新しいコンピューターモデルシミュレーションにより、人為的な強制が継続した場合の気候変動の広範な変化を特定
– New computer model simulations identify widespread changes in climate variability under sustained anthropogenic forcing –
気候変動における人為的変化の偏在性
Ubiquity of human-induced changes in climate variability
Keith B. Rodgers1,2, Sun-Seon Lee1,2, Nan Rosenbloom3, Axel Timmermann1,2, Gokhan Danabasoglu3, Clara Deser3, Jim Edwards3, Ji-Eun Kim1,2, Isla R. Simpson3, Karl Stein1,2, Malte F. Stuecker4, Ryohei Yamaguchi1,2, Tamás Bódai1,2, Eui-Seok Chung5, Lei Huang1,2, Who M. Kim3, Jean-François Lamarque3, Danica L. Lombardozzi3, William R. Wieder3,6, and Stephen G. Yeager3
1Center for Climate Physics, Institute for Basic Science, Busan, South Korea
2Pusan National University, Busan, South Korea
3National Center for Atmospheric Research, Boulder, CO, USA
4Department of Oceanography and International Pacific Research Center, School of Ocean and Earth Science and Technology, University of Hawai`i at Mānoa, Honolulu, HI, USA
5Korea Polar Research Institute, Incheon, South Korea
6Institute of Arctic and Alpine Research, University of Colorado, Boulder, CO, USA
Correspondence: Keith B. Rodgers (krodgers@pusan.ac.kr) and Axel Timmermann (axel@ibsclimate.org)
Received: 25 Jun 2021 – Discussion started: 06 Jul 2021 – Revised: 05 Oct 2021 – Accepted: 09 Oct 2021 – Published: 09 Dec 2021
Abstract
While climate change mitigation targets necessarily concern maximum mean state changes, understanding impacts and developing adaptation strategies will be largely contingent on how climate variability responds to increasing anthropogenic perturbations.

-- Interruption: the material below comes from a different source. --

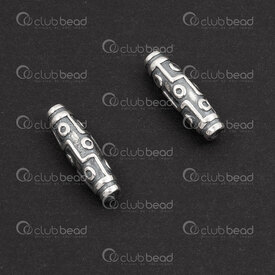 1754-1240307-06 - Sterling Silver Bead Tube 16x4.7mm Dzi Design 1.2mm hole 2pcs 1754-1240307-06,175,montreal, quebec, canada, beads, wholesale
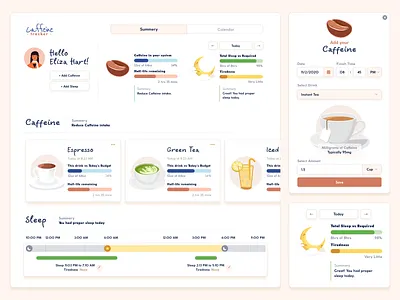 Caffeine Tracker Dashboard & UI Elements addiction caffeine tracker coffee dashboard design health health tracker illustration ui ux website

Thus far Earth system modeling efforts have primarily focused on projected mean state changes and the sensitivity of specific modes of climate variability, such as the El Niño–Southern Oscillation. However, our knowledge of forced changes in the overall spectrum of climate variability and higher-order statistics is relatively limited. Here we present a new 100-member large ensemble of climate change projections conducted with the Community Earth System Model version 2 over 1850–2100 to examine the sensitivity of internal climate fluctuations to greenhouse warming. Our unprecedented simulations reveal that changes in variability, considered broadly in terms of probability distribution, amplitude, frequency, phasing, and patterns, are ubiquitous and span a wide range of physical and ecosystem variables across many spatial and temporal scales. Greenhouse warming in the model alters variance spectra of Earth system variables that are characterized by non-Gaussian probability distributions, such as rainfall, primary production, or fire occurrence. Our modeling results have important implications for climate adaptation efforts, resource management, seasonal predictions, and assessing potential stressors for terrestrial and marine ecosystems.